Preliminary IL-1 Family Cytokine Signature for Crohn’s Disease Onset in Pediatric Juvenile Idiopathic Arthritis
Abstract
Crohn’s disease (CD) in children with juvenile idiopathic arthritis (JIA) is frequently diagnosed late due to overlapping symptoms and non-specific biomarkers. We hypothesized that longitudinal cytokine profiling could identify a pre-symptomatic signature predictive of CD conversion in pediatric JIA patients. Ninety pediatric participants (JIA, CD, psoriatic arthritis, healthy controls) underwent serum cytokine profiling (IL-1α, IL-1β, IL-36α, IL-37, IL-6, IL-18, IL-27, IL-31) at baseline and 12 months. Statistical analysis used Mann–Whitney U tests for two-group comparisons, the Kruskal–Wallis test with Dunn’s post hoc for multi-group comparisons, Fisher’s Exact Test for categorical outcomes, and exploratory principal component analysis (PCA). Baseline screening identified a subgroup of JIA patients (N = 4) with significantly elevated IL-1α, IL-1β, and IL-36α. At 12 months, all four patients in this subgroup received a secondary CD diagnosis (4/4 converters vs. 0/21 non-converters; Fisher’s Exact Test: p < 0.0001). The longitudinal analysis at conversion revealed a broader pro-inflammatory shift, with marked increases in IL-18 and IL-31, alongside elevated IL-37, suggesting a compensatory regulatory response.

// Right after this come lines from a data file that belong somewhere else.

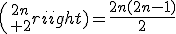 3${2n\choose 2}=\frac{2n(2n-1)}{2}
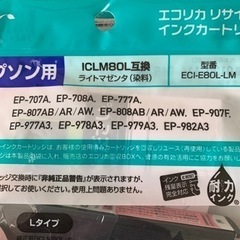 プリンターのインク（ひとつ200円）の画像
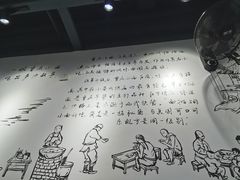 大堂-耙豌豆重庆小面
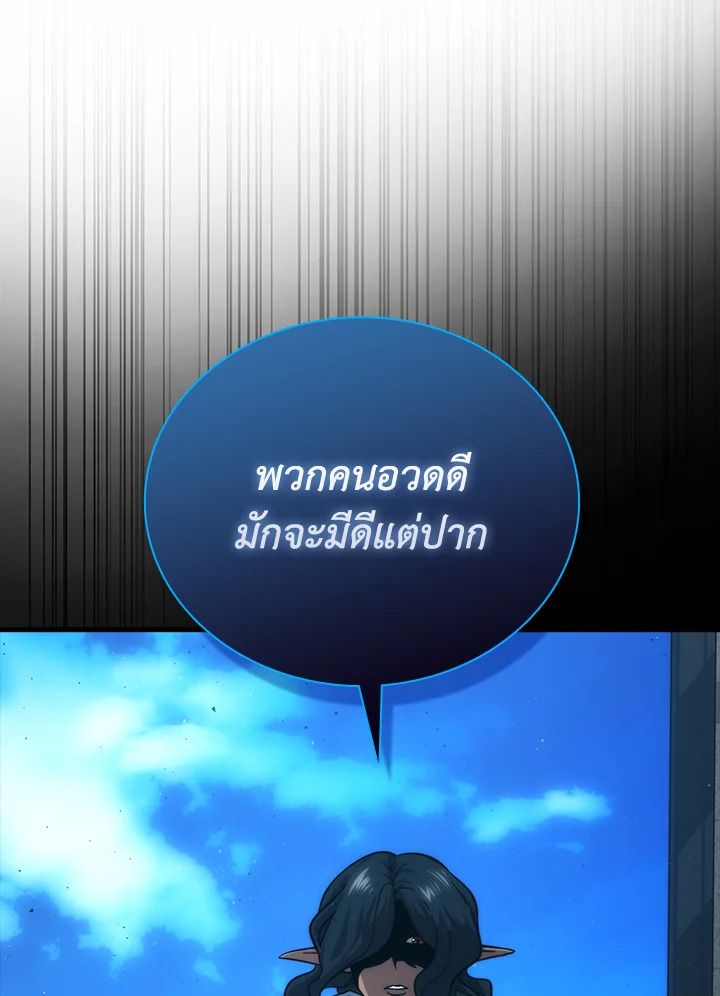 The Demon King Levels Up ตอนที่ 53 133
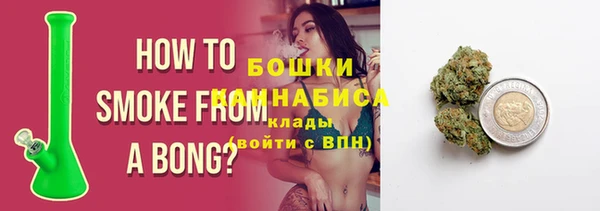 мдма Богданович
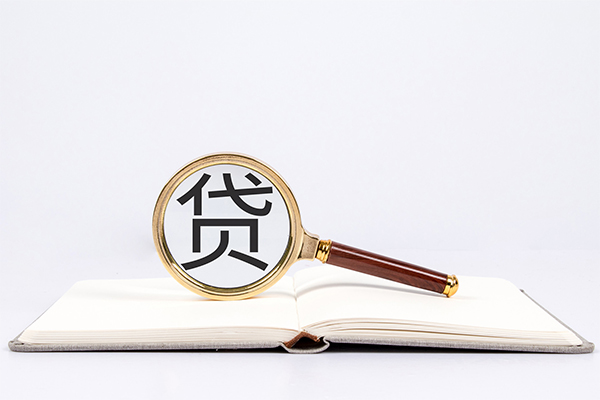 成都5小额短借-成都5民间借贷无抵押-成都5抵押贷款-第1张图片-成都私人借钱服务中心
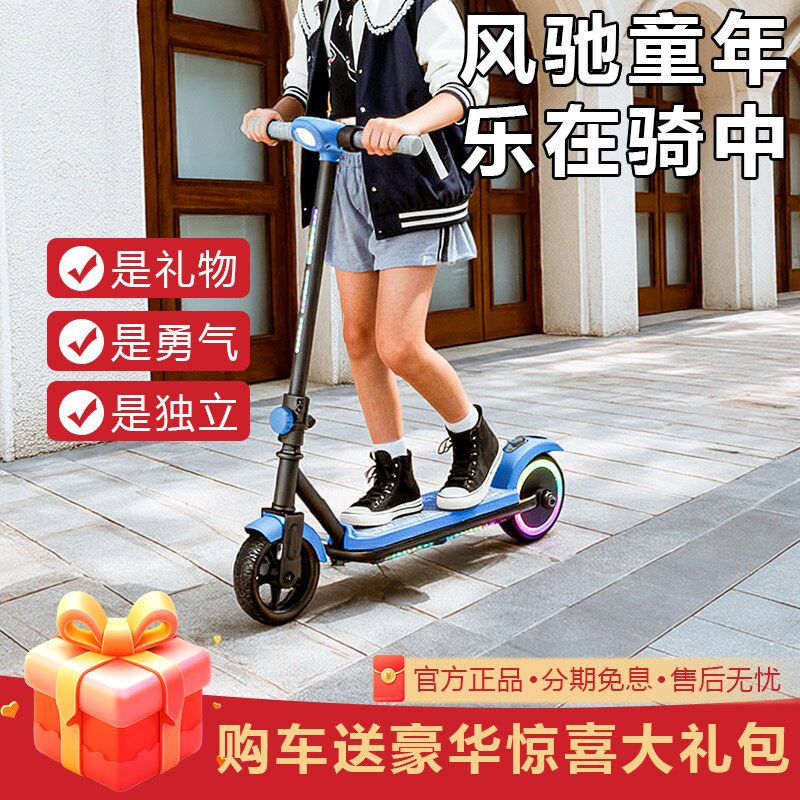 智能电动滑板车可折叠儿童成人代步车三档调节安全不倒翻炫酷发光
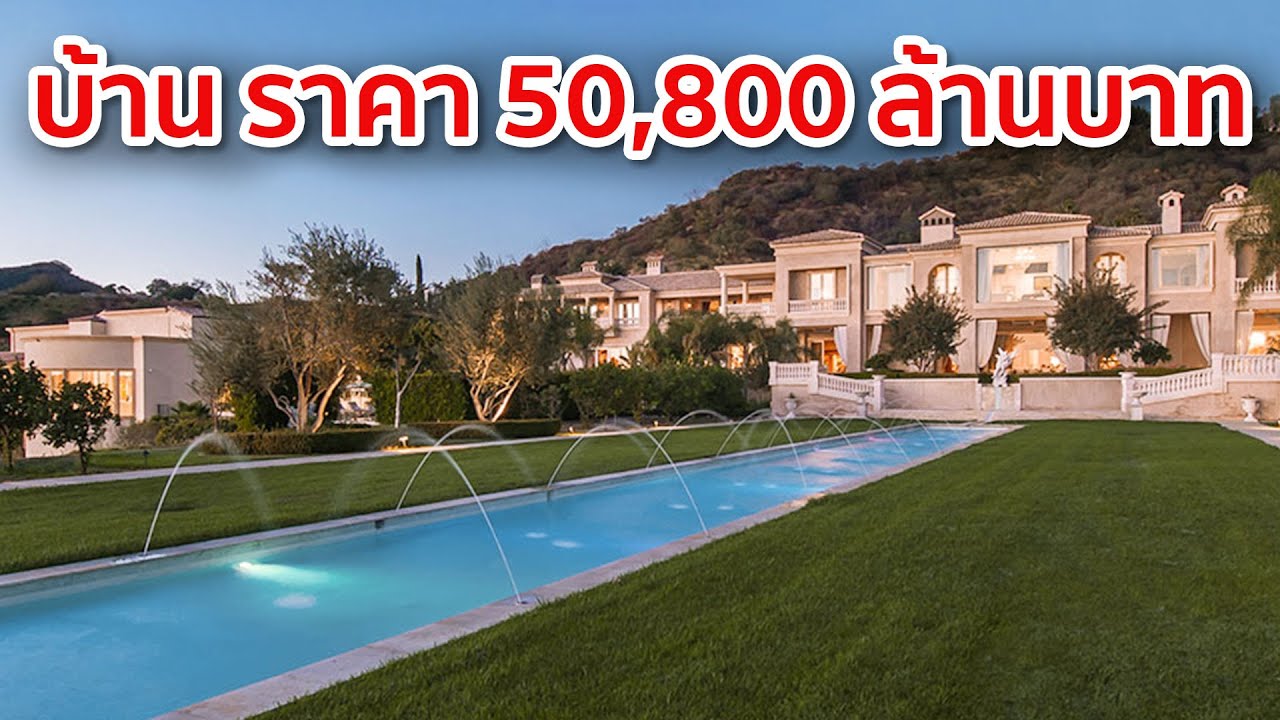 10 อันดับบ้าน ที่แพงที่สุดในโลก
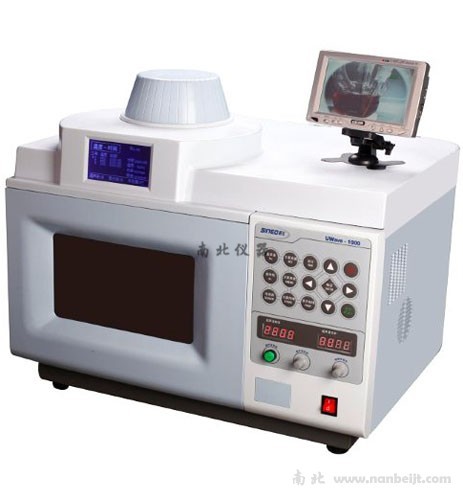 UWave-1000 微波·紫外·超聲波三位一體合成萃取反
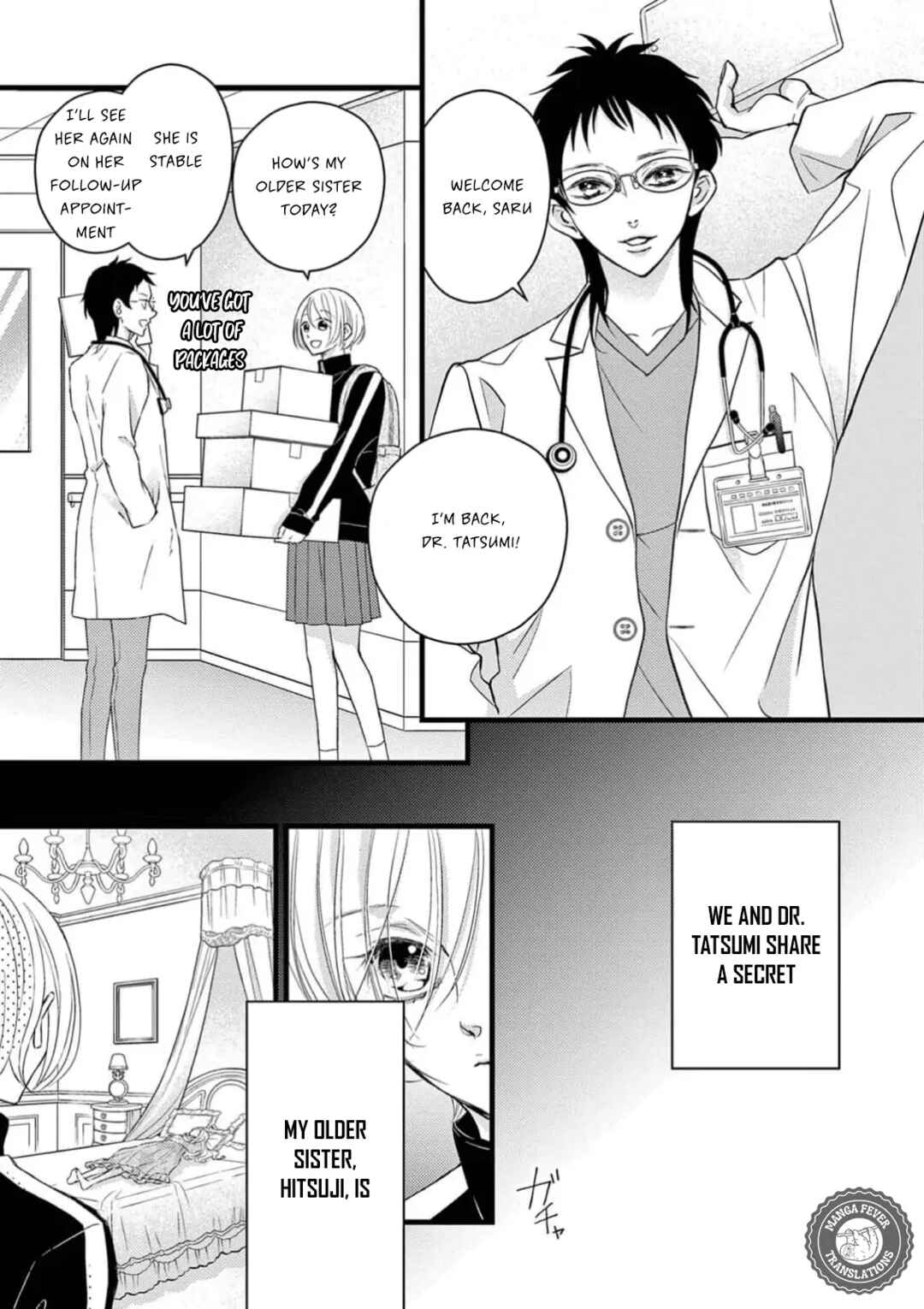 Page 13 Chapter 1 Bite Maker AK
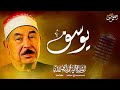 تلاوة تهز المشاعر 🎧 من سورة يوسف الشيخ محمود محمد الطبلاوي 🎧 استمع إليها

PCA confirmed that converters clustered distinctly from both stable JIA and established CD. A baseline IL-1 family signature may represent a preliminary predictive signature for CD onset in pediatric JIA. Although constrained by the small converter subgroup (N = 4), these data support cytokine profiling for earlier diagnosis in high-risk populations.